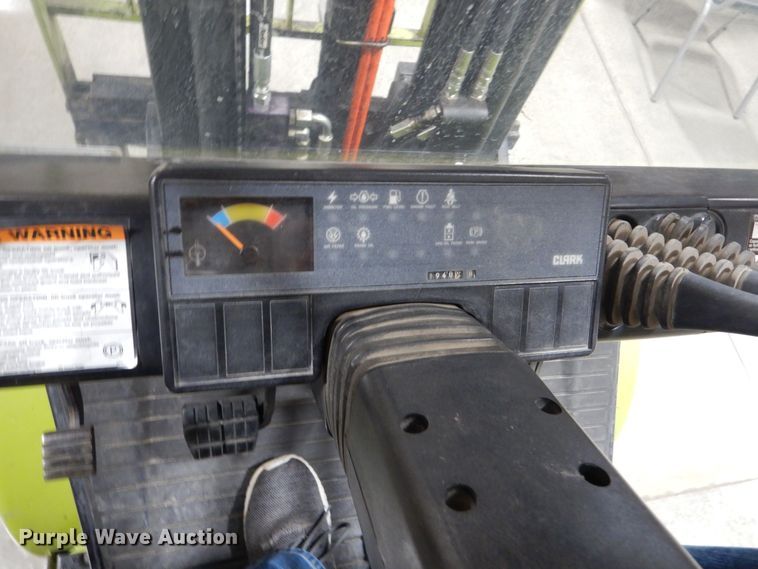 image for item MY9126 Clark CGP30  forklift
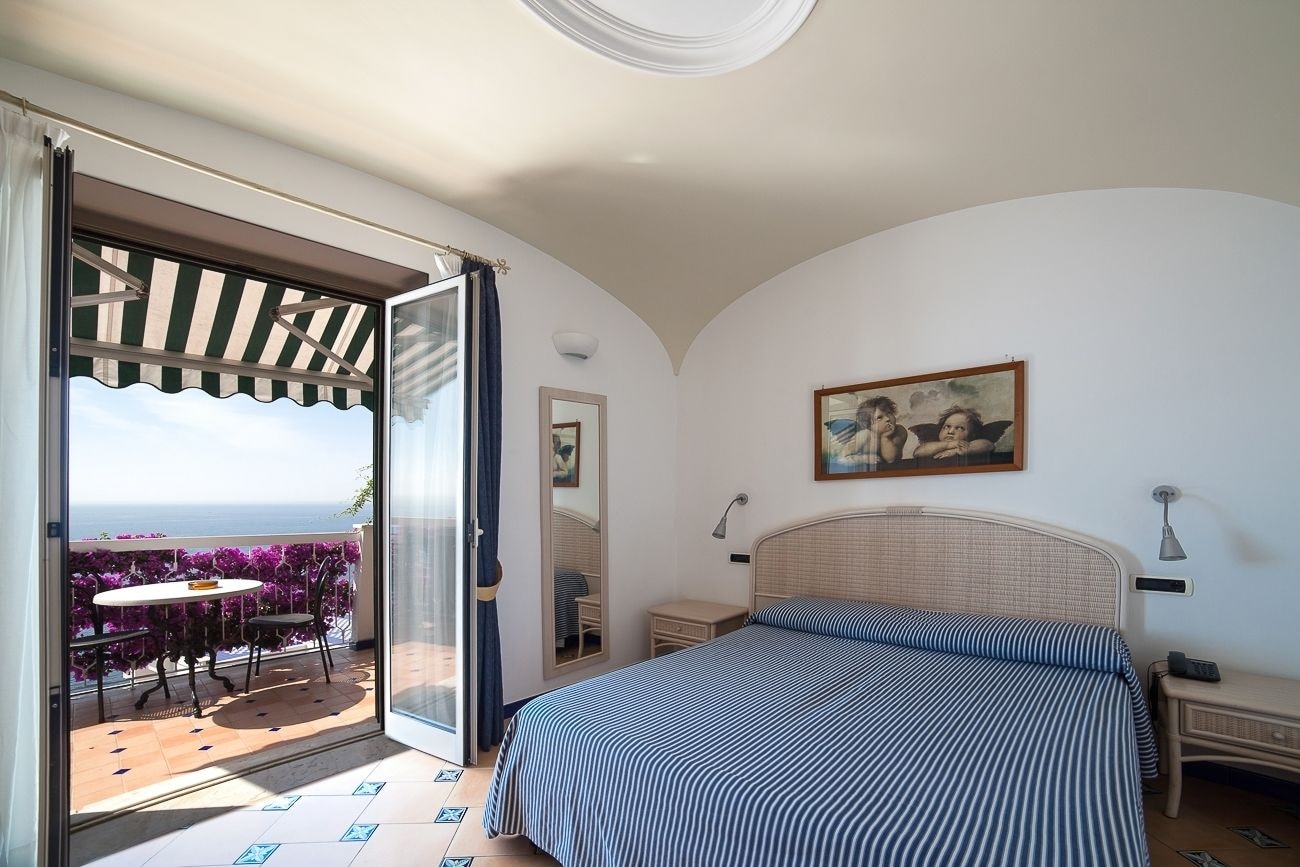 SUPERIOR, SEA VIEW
============================================================
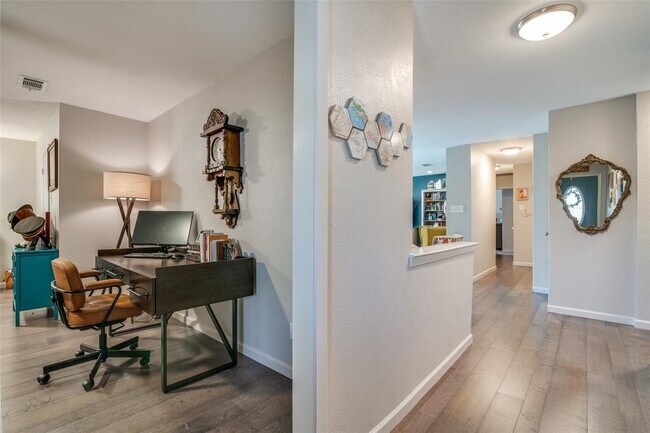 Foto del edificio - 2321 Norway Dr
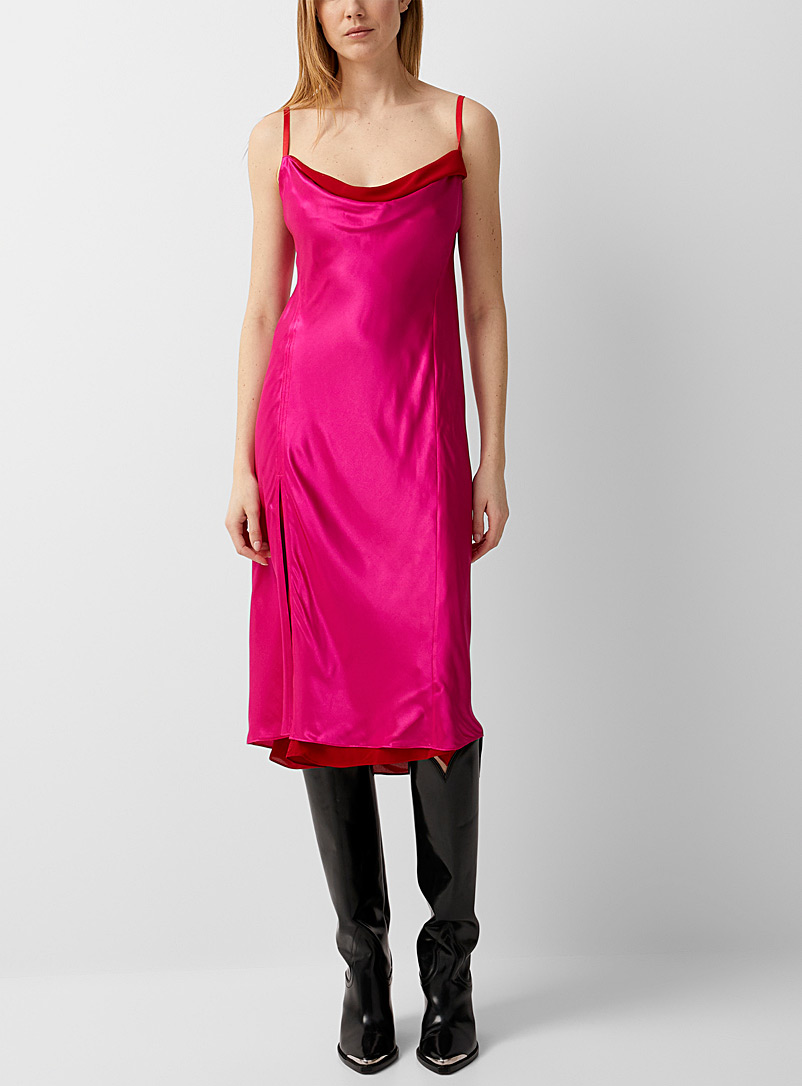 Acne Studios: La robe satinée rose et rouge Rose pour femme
============================================================
→ YOUR GOAL: Everything above from the line that has "image for item" down to the line that has "SUPERIOR, SEA VIEW" should be output exactly, with both of those lines included. Leave the pictures behind.

→ ANSWER FOR THIS EXERCISE:
 image for item MY9126 Clark CGP30  forklift
 SUPERIOR, SEA VIEW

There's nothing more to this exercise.